William Owen Smith from the Board of Health found the war embarrassing and went to Kalalau himself aboard the Iwalani that had delivered the prisoners to Honolulu and was to return to Kalalau. Smith arrived on July 10 with ten fresh soldiers, supplies, and three coffins. Smith found Larsen had given up on Koʻolau and went to the next valley with his men, searching for lepers. After hours of argument between the two, they returned to the cave with men to find it abandoned. Patrols were sent into the surrounding area to no avail. Smith, seeing the dense vegetation for himself, decided the manhunt was in vain and called off Larsen's campaign.

==Aftermath==
The soldiers left boarded the Iwalani, the campaign had captured twenty seven prisoners. The remaining lepers were never harassed again, while the captured lepers were sent to Kalawao. The leper community in Kalalau had dissolved and lived in individual households. Koʻolau and his family remained unharmed, yet still fearful of being captured, staying in the original valley in which they were hiding for many more years until the first son and Koʻolau died. Piilani, Koʻolau's wife, left the valley following their deaths and shared her story which was later published. In 1897, William Smith's brother physician Jared K. Smith was killed in what was suspected as retaliation by a relative of lepers who were threatened with deportation. Smith's law partner William Ansel Kinney was sent as special prosecutor. A native Hawaiian named Kapea was arrested, tried, and hanged for the murder.

==Popular culture==
The Leper War has been cited as a successful act of defiance directed at discrimination toward leprosy and Hawaiians.

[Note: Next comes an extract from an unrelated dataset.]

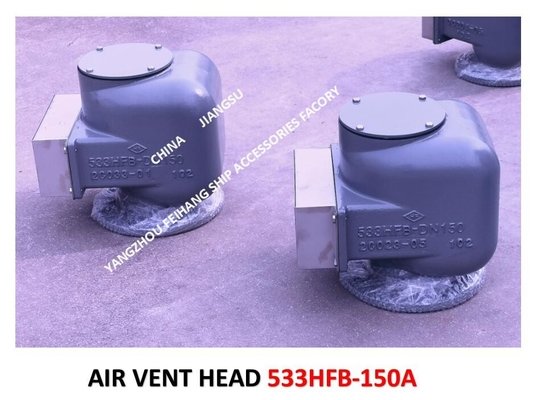 MODEL:533HF-150A MARINE AIR PIPE HEAD, MARINE BREATHABLE CAP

Piilani wrote about her experience which was published in 1906 titled Ka Moolelo oiaio o Kaluaikoolau, Hawaiian for The True Story of Kaluaikoolau.

The event would inspire the narrative The Folding Cliffs by W. S. Merwin.

Jack London wrote a short story about the incident titled "Koolau the Leper".

Carlos Giménez adapted Jack London's short story Koolau the Leper into a comic titled Koolau el leproso. According to his biography, Giménez began the adaptation in 1978 and it was published from 1979 in the magazine Totem before later appearing in collected form.

In 2022, a feature film about the rebellion called The Wind & the Reckoning was released.